Evoquer l'altérité c'est évidemment se questionner soi-même. Car comment rencontrer l'autre si je me suis perdu à moi-même? Tant que je ne serai pas au clair avec moi-même, en paix avec mon histoire, mes conditionnements, mes comportements réactifs, comment tisser avec autrui?
Ensuite, comment construire une relation durable si je ne réussis pas à accepter l'autre dans son irréductible différence ?
Singularité désirée et tellement dérangeante.
Dans un monde qui s'uniformise, les différences ont du mal à s'exprimer et souvent la violence ou la rupture apportent une réponse radicale à une difficulté relationnelle.
Rompre est plus facile que tisser.
Et pourtant, nous n'aurons guère de futur paisible si nous ne réussissons pas le défi de rencontres en altérités pacifiées.
Une ressource essentielle : un tissage de qualité
Lorsque les relations sont délicates voire bloquées, que les altérités sont dans la phase d'aspérités qui s'entrechoquent, tisser un lien profond de qualité avec autrui conduit à construire un maillage essentiel. La trame de la relation est alors si solide que les désaccords, les conflits, les incompréhensions peuvent être déposés, nommés et dissous.

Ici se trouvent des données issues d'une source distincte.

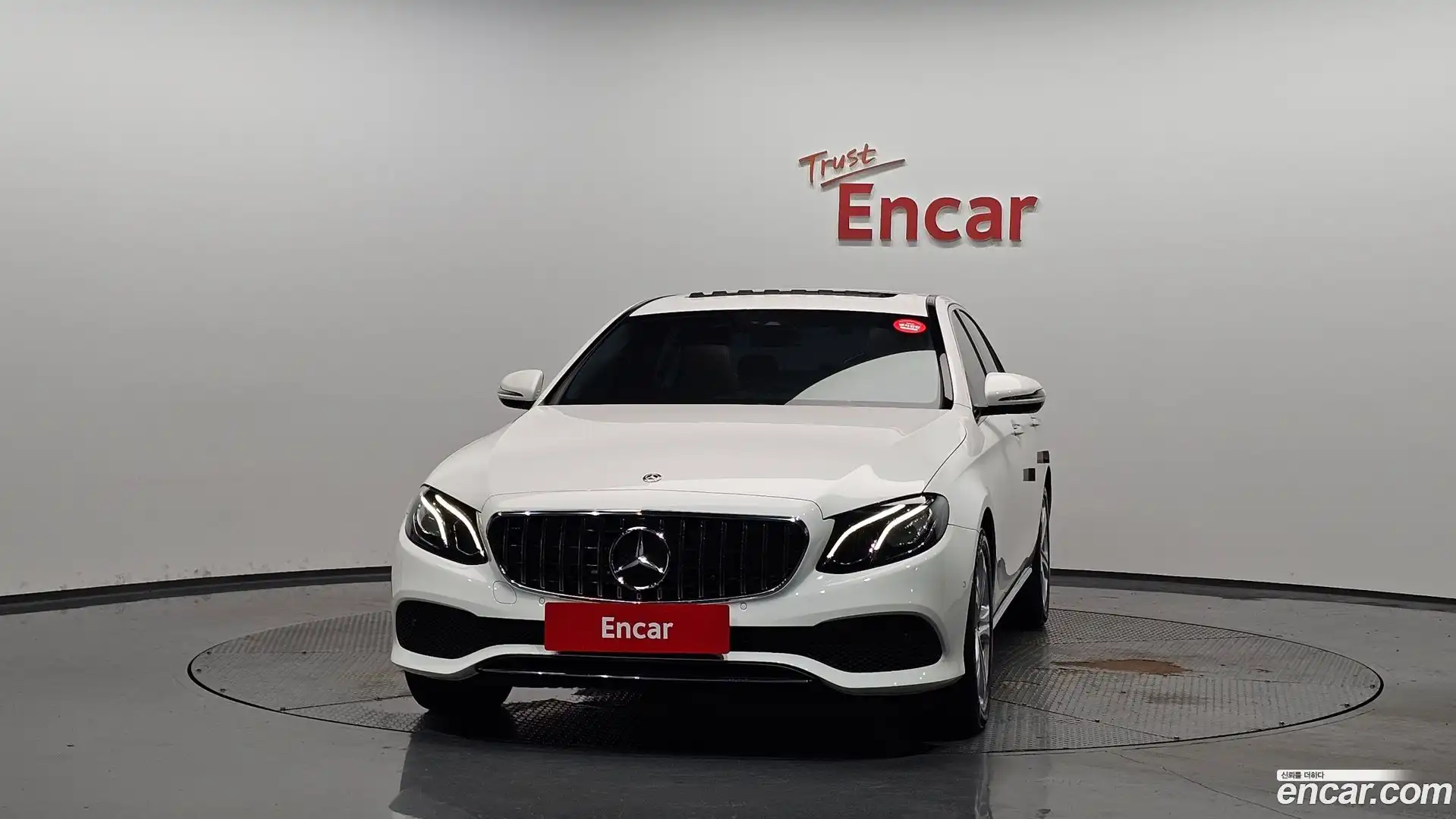 E-Class Mercedes-Benz 2018.1-OUTER-003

En fonction de l'ampleur du désaccord, de la divergence, il faut parfois du temps, accepter l'éloignement, comme la tapisserie distendue. Cependant, la clé réside dans le fait de ne jamais lâcher la relation à autrui. Il ou elle est là comme un écho de nous-même, un miroir, parfois inconfortable à regarder et pourtant si nourrissant, capable de voir nos zones d'ombre et de les éclairer grâce à l'interaction.
Oser ce tissage, à l'instar des peuples premiers - au-delà de la pièce artistique - c'est tout le symbolisme des fils entremêlés entre soi et autrui. Et la navette représente la relation.

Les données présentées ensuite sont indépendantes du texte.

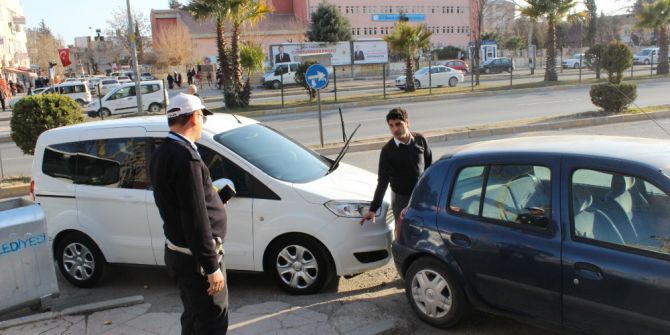 Kaldırım Önünde Yayaların Geçişine Engel Olan Araçlara Ceza Yazıldı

Quel soin prenons-nous de ce tissage?
Laissons-nous les liens se distendre ou assumons-nous de les rendre solides et durables?

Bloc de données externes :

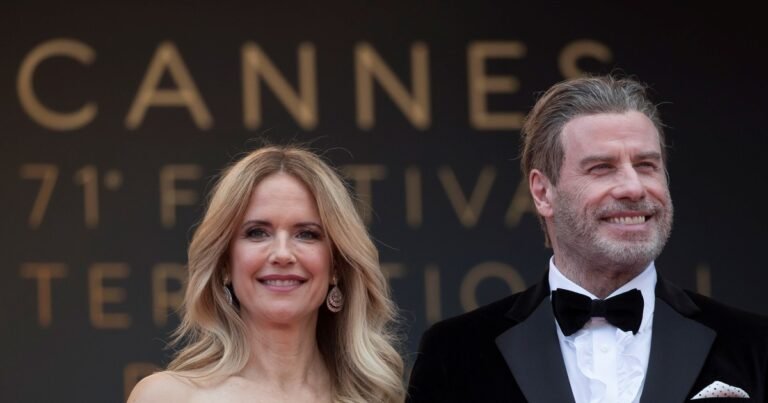 Travolta en plan Saint-Exupéry: debuta como director con una película sobre su pasión por volar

Car c'est cette trame fortement tressée qui permet de se déposer en authenticité, d'accepter les aspérités des différences et de dialoguer les incompréhensions.
Si l'on sait qu'au moindre obstacle, l'autre est là, dans une présence affirmée, soutenante et encourageante, alors nous avons envie de poursuivre l'échange.
Nous osons être qui nous sommes.
Et plus nous déployons notre authenticité, plus nous dévoilons nos vulnérabilités et plus l'autre en face peut nous rencontrer, véritablement, profondément. Alors le lien ténu entre l'autre et moi permet-il, non seulement de coopérer, de se rendre service, et aussi de faire converger nos énergies pour soutenir des projets ambitieux et pérennes.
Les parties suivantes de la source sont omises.